PAR LE Dr ASTRID LIEVRE (1, 2) ET LE Pr PIERRE LAURENT-PUIG (1, 2)
LE DÉVELOPPEMENT des thérapies ciblées a ouvert de nouvelles perspectives dans le traitement des cancers. En oncologie digestive, ces thérapies ciblées concernent surtout le cancer colo-rectal (CCR) métastatique, avec le développement des anticorps dirigés contre l'EGFR (cétuximab et panitumumab) et le VEGF (bévacizumab). Cependant, ces thérapies ciblées ne sont efficaces et bénéfiques que chez certains patients. Compte tenu de leur toxicité et de leur coût élevé, l'identification de facteurs prédictifs de réponse constitue un enjeu primordial dans la prise en charge des patients. Alors que les facteurs prédictifs de réponse au bévacizumab ne sont encore qu'au stade de l'évaluation, de grandes avancées ont été, en revanche, faites dans le domaine de la prédiction de la réponse aux anticorps anti-EGFR dans le CCR métastatique.

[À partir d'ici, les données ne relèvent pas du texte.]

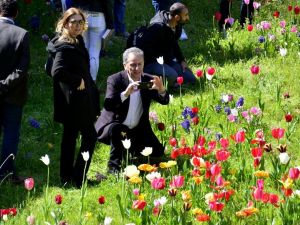 Baharın gelişi Divan Şiiri bahçesinde şiirlerle karşılandı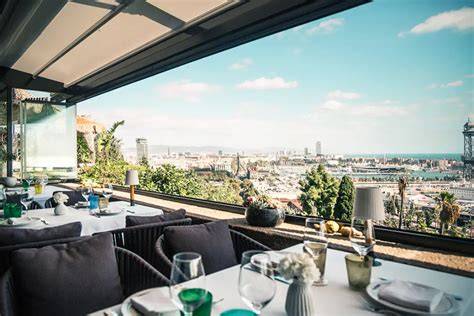 Terraza de heladería con vistas al mar y al castillo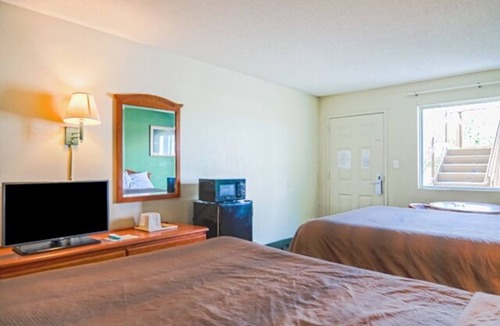 Ashburn Hotel | 4 Lodgings near Ashburn Public Library | Convenient to Local Shopping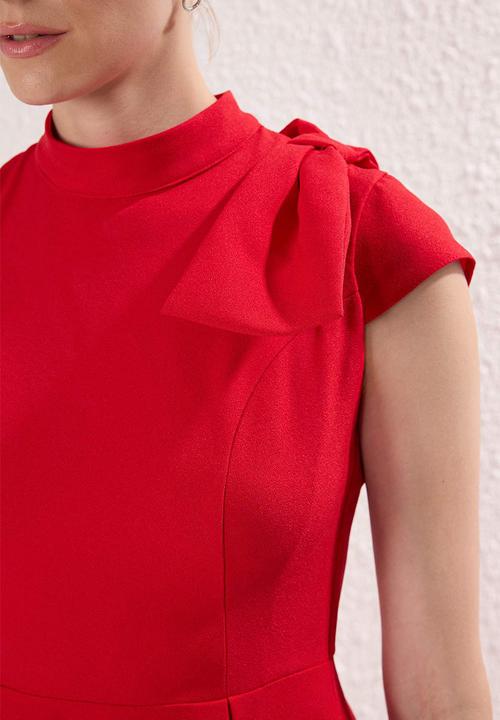 Trendyol - Crepe Midi Shoulder Detail Dress - Red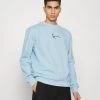 Karl Kani SMALL SIGANTURE CREW UNISEX - Sweatshirt - Light Blue -Outlet KARL KANI Store 6c0f887eed674489960d66b8639b1abc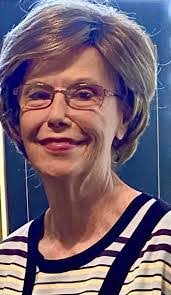 Lori Mock's Instagram, Twitter & Facebook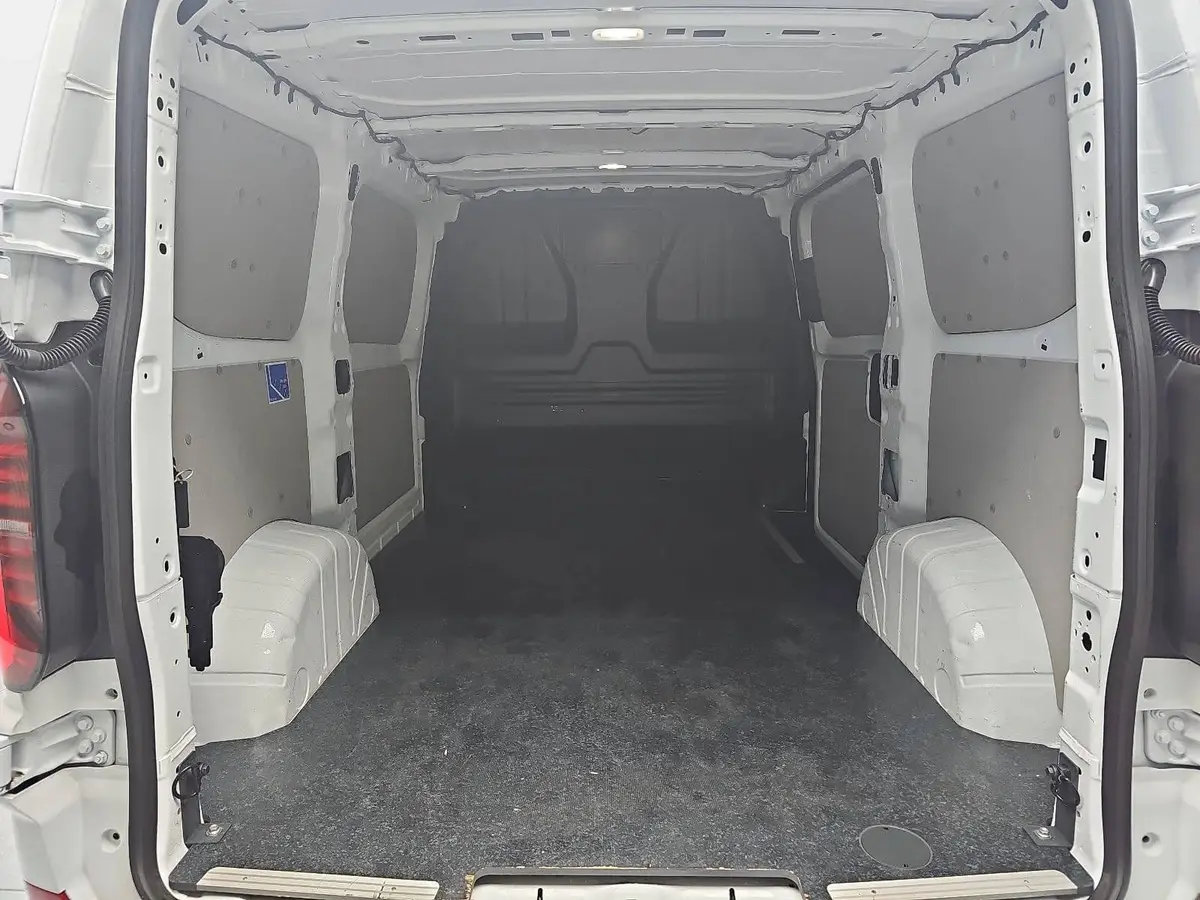 VW T7 TRANSPORTER 2.0 TDI KASTEN L1H1 LED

L'effet antitumoral des anticorps anti-EGFR passe principalement par l'inhibition de l'EGFR à la suite de la fixation du ligand au récepteur (figure). Cela entraîne une inhibition des deux principales voies de signalisation intracellulaire situées en aval que sont la voie Ras/Raf/ MAP kinases (MAPK) et la voie PI3K/AKT, toutes deux impliquées dans les processus de prolifération et de migration cellulaires, d'apoptose et de diffusion métastatique. Le cétuximab peut également exercer son activité antitumorale par l'intermédiaire d'une cytotoxicité anticorps-dépendante ou ADCC (Antibody Dependant Cell Mediated Cytotoxicity), où l'anticorps, via sa fraction Fc, recrute des cellules immunitaires (macrophages, lymphoctes NK) portant à leur surface des récepteurs pour le fragment Fc pour tuer les cellules tumorales exprimant l'EGFR.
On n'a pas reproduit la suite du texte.